Buongiorno a tutti, tra i titoli che vi ho segnalato poco prima di Natale, come possibili prede c’era un titolo quotato al NYSE, il cui nome è noto in Italia per le vicende relative alla chiusura degli stabilimenti in Sardegna.

Il titolo in questione è ALCOA, produttore di alluminio.

Nell’articolo Alcoa ci riprova, ho evidenziato come la rottura dei 10,00$ poteva essere un buono spunto rialzista per il titolo.

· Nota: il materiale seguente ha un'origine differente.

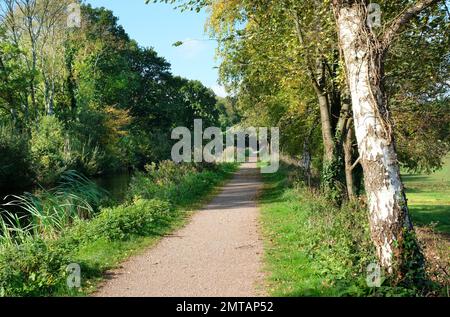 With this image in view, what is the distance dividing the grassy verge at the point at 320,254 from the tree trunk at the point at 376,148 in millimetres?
545

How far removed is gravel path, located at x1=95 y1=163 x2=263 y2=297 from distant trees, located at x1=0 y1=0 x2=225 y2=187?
20.8 meters

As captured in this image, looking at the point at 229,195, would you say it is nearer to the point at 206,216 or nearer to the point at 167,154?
the point at 206,216

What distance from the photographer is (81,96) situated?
Answer: 1849 inches

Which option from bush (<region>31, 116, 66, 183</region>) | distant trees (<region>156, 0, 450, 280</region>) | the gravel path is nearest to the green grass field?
distant trees (<region>156, 0, 450, 280</region>)

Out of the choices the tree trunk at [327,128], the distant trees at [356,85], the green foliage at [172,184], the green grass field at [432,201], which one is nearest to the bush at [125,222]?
the green foliage at [172,184]

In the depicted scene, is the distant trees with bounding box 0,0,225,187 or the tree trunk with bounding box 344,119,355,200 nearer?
the tree trunk with bounding box 344,119,355,200

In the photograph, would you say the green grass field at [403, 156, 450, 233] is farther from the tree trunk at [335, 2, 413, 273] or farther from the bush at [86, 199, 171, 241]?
the tree trunk at [335, 2, 413, 273]

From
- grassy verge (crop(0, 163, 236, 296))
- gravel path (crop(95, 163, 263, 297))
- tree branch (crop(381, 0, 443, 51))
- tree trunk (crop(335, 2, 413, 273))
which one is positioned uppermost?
tree branch (crop(381, 0, 443, 51))

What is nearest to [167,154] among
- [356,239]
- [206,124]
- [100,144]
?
[100,144]

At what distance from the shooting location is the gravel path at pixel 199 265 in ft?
23.9

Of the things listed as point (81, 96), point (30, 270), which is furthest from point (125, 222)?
point (81, 96)

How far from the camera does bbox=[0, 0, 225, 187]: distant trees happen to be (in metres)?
34.0

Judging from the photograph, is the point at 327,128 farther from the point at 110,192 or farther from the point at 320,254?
the point at 110,192

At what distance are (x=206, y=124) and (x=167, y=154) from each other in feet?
47.8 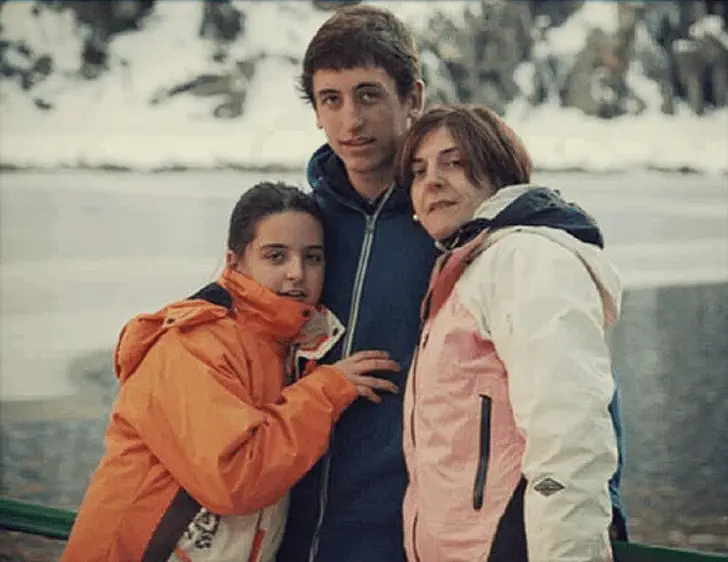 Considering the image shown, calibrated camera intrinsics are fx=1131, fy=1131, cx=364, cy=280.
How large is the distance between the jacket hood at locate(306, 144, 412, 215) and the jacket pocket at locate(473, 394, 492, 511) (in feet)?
1.41

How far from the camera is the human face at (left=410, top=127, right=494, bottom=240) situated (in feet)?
5.18

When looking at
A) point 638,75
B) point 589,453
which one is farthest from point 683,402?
point 589,453

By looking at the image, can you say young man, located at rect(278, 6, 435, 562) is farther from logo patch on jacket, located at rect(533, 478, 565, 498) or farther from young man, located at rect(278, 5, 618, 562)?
logo patch on jacket, located at rect(533, 478, 565, 498)

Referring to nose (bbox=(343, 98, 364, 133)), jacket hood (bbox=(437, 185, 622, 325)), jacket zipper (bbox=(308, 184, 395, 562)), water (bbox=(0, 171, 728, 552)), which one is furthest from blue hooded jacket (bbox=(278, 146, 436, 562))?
water (bbox=(0, 171, 728, 552))

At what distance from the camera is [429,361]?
4.99ft

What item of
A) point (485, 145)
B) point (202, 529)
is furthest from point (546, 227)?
point (202, 529)

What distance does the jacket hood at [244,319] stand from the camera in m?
1.74

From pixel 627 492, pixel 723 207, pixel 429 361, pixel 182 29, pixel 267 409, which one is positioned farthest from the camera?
pixel 182 29

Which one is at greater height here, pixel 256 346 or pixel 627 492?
pixel 256 346

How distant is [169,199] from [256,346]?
1.87 m

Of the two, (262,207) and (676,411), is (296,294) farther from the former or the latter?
(676,411)

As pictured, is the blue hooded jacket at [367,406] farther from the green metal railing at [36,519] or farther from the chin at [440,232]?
the green metal railing at [36,519]

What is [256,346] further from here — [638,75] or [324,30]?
[638,75]

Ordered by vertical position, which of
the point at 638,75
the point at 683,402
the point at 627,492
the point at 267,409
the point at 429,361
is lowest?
the point at 627,492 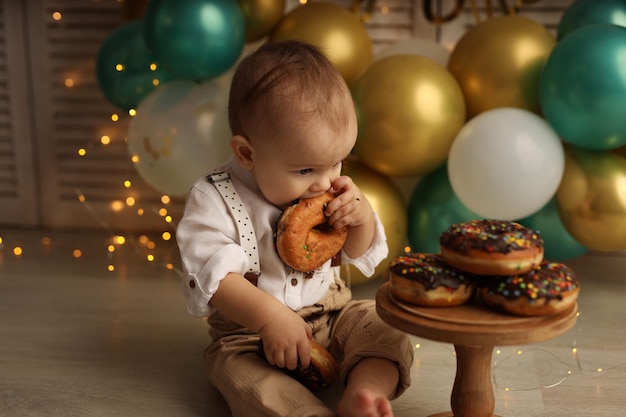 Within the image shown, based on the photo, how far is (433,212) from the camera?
1648mm

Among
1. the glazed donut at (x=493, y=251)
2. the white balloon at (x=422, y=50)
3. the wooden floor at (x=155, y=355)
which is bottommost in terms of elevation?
the wooden floor at (x=155, y=355)

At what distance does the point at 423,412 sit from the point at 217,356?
0.35 meters

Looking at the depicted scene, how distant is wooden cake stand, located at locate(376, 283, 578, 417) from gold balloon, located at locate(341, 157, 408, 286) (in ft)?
1.97

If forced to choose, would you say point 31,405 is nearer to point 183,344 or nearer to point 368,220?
point 183,344

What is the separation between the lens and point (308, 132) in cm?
105

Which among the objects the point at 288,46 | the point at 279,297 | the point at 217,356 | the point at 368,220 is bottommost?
the point at 217,356

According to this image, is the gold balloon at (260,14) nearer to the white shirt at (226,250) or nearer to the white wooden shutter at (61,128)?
the white wooden shutter at (61,128)

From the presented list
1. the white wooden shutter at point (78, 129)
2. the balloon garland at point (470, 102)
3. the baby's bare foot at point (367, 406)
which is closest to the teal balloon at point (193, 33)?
the balloon garland at point (470, 102)

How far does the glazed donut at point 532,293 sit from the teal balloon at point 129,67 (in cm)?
118

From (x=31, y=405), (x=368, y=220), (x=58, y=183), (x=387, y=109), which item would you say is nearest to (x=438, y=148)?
(x=387, y=109)

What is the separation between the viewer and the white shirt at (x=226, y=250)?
1090 millimetres

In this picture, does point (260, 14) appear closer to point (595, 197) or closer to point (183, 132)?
point (183, 132)

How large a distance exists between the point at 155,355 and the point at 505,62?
3.15 ft

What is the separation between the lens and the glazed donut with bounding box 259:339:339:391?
110 cm
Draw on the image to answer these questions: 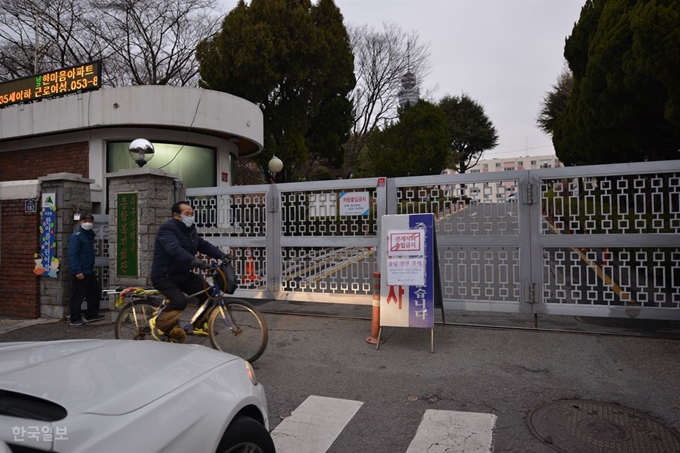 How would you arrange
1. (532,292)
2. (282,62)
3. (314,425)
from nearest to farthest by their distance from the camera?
(314,425) < (532,292) < (282,62)

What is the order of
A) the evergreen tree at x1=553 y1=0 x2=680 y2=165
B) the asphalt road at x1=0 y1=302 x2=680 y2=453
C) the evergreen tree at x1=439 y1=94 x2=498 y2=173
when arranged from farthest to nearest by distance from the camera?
the evergreen tree at x1=439 y1=94 x2=498 y2=173 < the evergreen tree at x1=553 y1=0 x2=680 y2=165 < the asphalt road at x1=0 y1=302 x2=680 y2=453

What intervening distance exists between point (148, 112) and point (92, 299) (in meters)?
4.86

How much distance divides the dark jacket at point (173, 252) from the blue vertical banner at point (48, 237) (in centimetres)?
371

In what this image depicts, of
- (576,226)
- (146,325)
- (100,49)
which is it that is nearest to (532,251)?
(576,226)

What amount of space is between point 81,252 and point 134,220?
3.15 feet

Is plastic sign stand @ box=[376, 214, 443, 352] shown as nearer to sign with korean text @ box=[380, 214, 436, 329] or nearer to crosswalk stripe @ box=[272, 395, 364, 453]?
sign with korean text @ box=[380, 214, 436, 329]

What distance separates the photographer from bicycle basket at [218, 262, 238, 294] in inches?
203

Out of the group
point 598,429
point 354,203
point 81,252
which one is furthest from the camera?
point 81,252

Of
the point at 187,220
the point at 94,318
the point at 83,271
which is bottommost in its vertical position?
the point at 94,318

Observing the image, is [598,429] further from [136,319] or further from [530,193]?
[136,319]

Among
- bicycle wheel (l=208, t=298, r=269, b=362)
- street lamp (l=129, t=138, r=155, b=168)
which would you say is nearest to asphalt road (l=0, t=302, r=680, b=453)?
bicycle wheel (l=208, t=298, r=269, b=362)

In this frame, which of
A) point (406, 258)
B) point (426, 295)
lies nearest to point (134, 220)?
point (406, 258)

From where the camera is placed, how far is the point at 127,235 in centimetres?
759

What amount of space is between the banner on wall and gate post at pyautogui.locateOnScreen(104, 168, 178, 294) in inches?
39.0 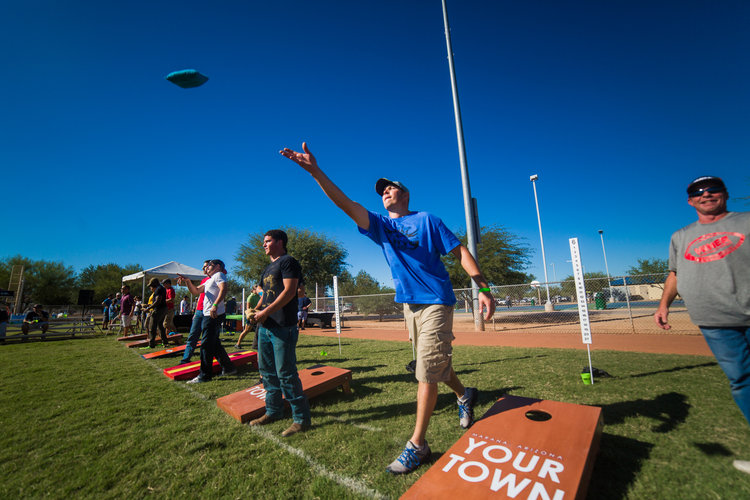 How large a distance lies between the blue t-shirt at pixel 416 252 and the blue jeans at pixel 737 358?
197 cm

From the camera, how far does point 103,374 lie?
229 inches

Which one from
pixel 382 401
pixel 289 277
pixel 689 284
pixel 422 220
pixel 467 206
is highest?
pixel 467 206

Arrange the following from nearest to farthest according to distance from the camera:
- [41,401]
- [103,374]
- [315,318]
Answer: [41,401] → [103,374] → [315,318]

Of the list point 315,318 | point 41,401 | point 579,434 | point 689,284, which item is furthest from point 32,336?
point 689,284

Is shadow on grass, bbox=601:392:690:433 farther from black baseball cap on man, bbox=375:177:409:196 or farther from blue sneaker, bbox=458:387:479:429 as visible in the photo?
black baseball cap on man, bbox=375:177:409:196

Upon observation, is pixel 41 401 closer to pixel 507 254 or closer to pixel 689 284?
pixel 689 284

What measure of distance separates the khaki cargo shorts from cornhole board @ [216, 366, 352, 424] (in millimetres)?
1883

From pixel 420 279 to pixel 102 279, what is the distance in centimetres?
6244

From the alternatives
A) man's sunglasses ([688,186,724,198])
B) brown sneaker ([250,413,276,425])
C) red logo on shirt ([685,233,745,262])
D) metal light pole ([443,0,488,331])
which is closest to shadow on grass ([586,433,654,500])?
red logo on shirt ([685,233,745,262])

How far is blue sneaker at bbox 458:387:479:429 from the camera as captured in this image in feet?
9.48

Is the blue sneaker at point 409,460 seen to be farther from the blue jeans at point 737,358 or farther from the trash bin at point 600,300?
the trash bin at point 600,300

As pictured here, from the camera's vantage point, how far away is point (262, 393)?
12.6ft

Ieri con un ulteriore strappo al rialzo le quotazioni sono arrivate a 12,3 USD, praticamente + 23% dall’ingresso suggerito, trainato dal fatto che gli analisti di JP.Morgan hanno rivisto le stime sul titolo portandolo dai precedenti 9$ ( neutral ) a 15$ ( overweight) in pratica +50% rispetto al nostro ingresso; ora io guardo poco i TP dati, ma è indubbio che un rialzo così marcato costringe gli istituzionali agli acquisti sul titolo.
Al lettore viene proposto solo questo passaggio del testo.